# Goal of the exercise:
Transcribe the entries exactly. Omit the pictures.

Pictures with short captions
━━━━━━━━━━━━━━━━

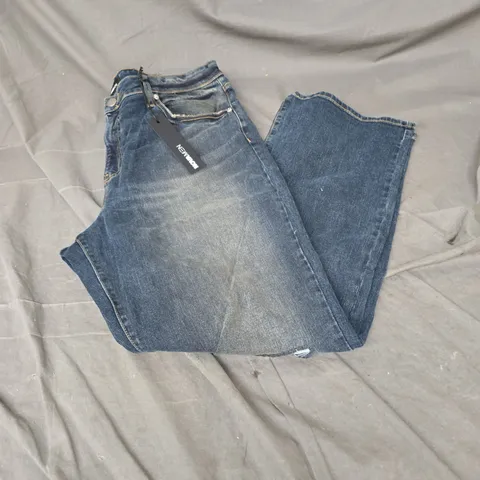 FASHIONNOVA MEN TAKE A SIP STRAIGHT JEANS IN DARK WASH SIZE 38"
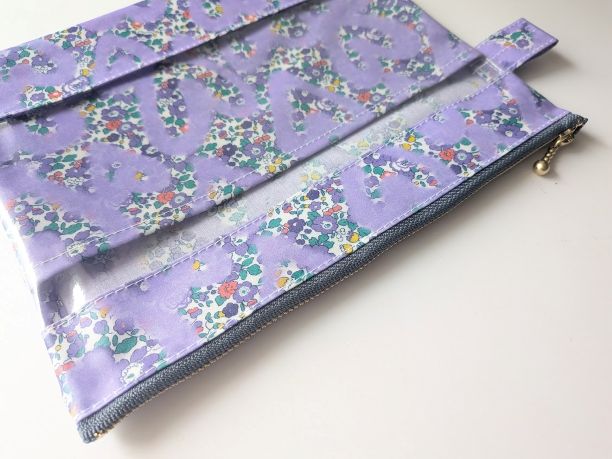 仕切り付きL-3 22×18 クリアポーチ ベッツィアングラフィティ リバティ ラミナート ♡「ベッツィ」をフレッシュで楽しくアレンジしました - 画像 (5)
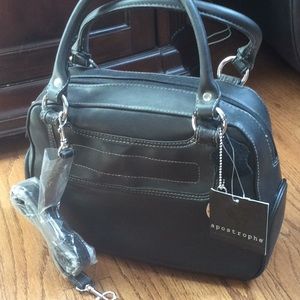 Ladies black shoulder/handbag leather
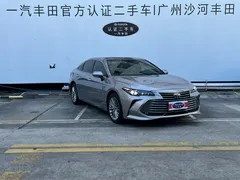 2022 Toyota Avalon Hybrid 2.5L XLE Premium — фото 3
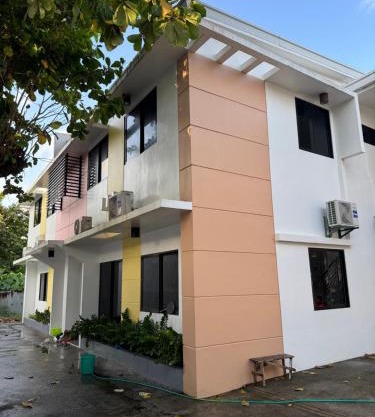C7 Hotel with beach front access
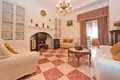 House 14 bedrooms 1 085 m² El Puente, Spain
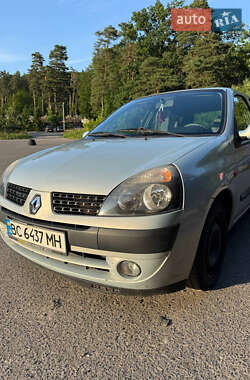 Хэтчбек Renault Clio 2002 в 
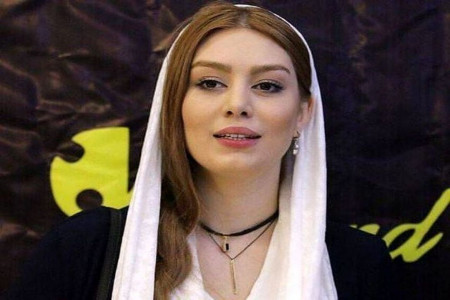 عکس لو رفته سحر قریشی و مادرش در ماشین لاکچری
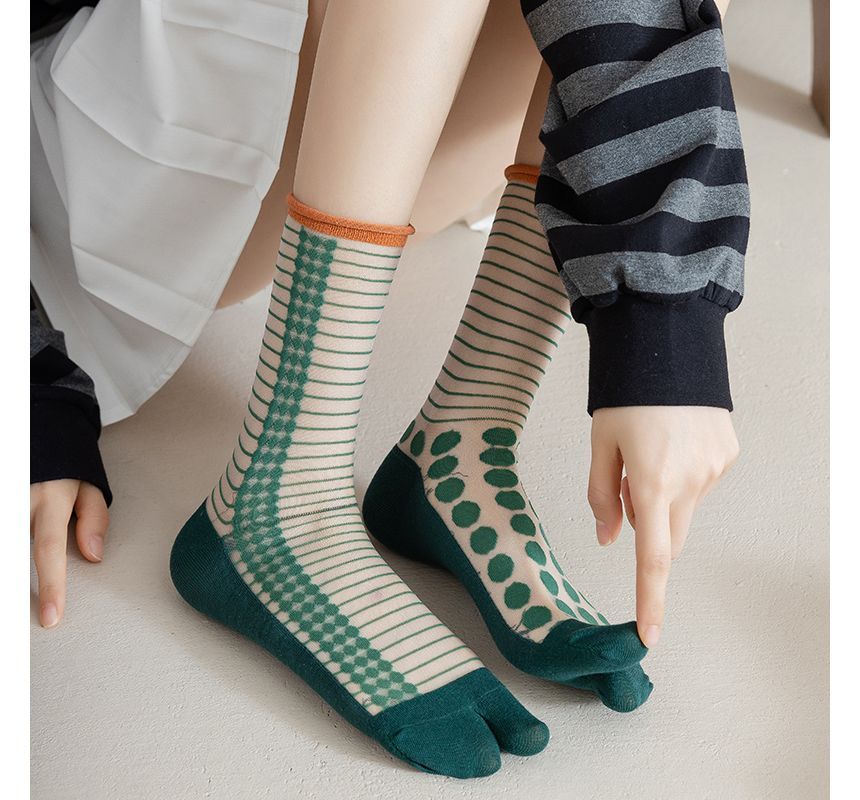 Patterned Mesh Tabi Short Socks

━━━━━━━━━━━━━━━━

# Task output:
 FASHIONNOVA MEN TAKE A SIP STRAIGHT JEANS IN DARK WASH SIZE 38"
 仕切り付きL-3 22×18 クリアポーチ ベッツィアングラフィティ リバティ ラミナート ♡「ベッツィ」をフレッシュで楽しくアレンジしました - 画像 (5)
 Ladies black shoulder/handbag leather
 2022 Toyota Avalon Hybrid 2.5L XLE Premium — фото 3
C7 Hotel with beach front access
 House 14 bedrooms 1 085 m² El Puente, Spain
 Хэтчбек Renault Clio 2002 в 
 عکس لو رفته سحر قریشی و مادرش در ماشین لاکچری
 Patterned Mesh Tabi Short Socks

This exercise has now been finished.